_What the exercise asks_
In the data below, find the line that contains "14K White Gold" and the line that contains "Mapa da linha". Copy both, plus every line between them, exactly.

_Task inputs_
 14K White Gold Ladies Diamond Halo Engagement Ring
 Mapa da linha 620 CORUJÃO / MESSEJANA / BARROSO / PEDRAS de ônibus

---

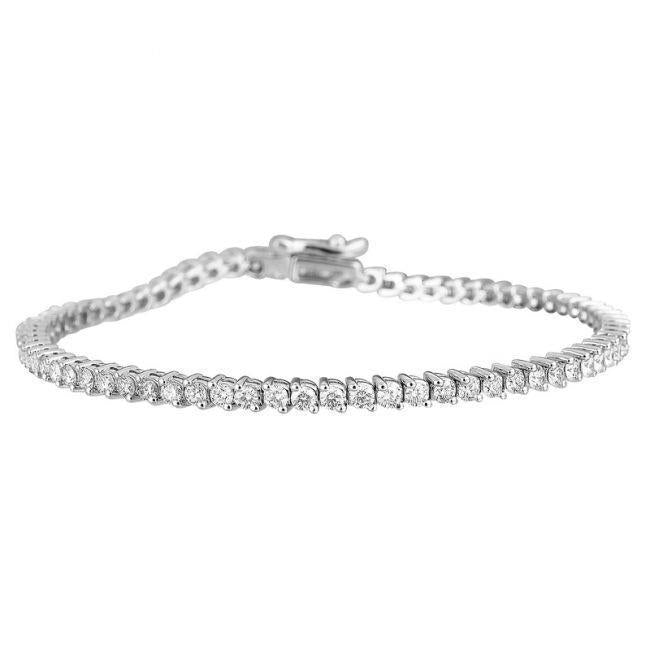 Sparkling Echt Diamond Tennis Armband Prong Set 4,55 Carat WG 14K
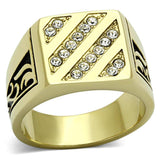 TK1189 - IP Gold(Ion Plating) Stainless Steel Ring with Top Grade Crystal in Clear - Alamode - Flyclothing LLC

...

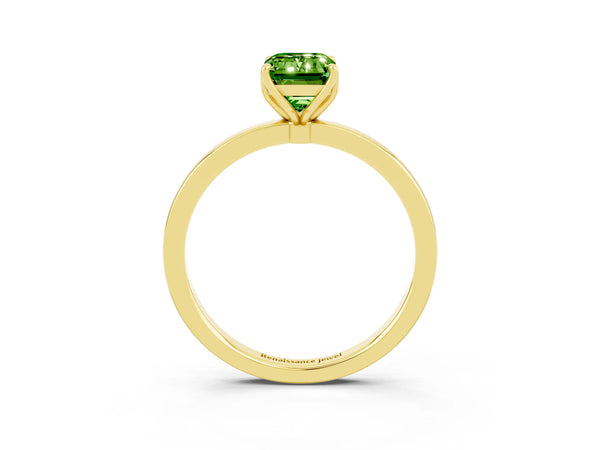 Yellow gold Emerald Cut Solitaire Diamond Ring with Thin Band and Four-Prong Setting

_Response area_
 14K White Gold Ladies Diamond Halo Engagement Ring
 Mapa da linha 620 CORUJÃO / MESSEJANA / BARROSO / PEDRAS de ônibus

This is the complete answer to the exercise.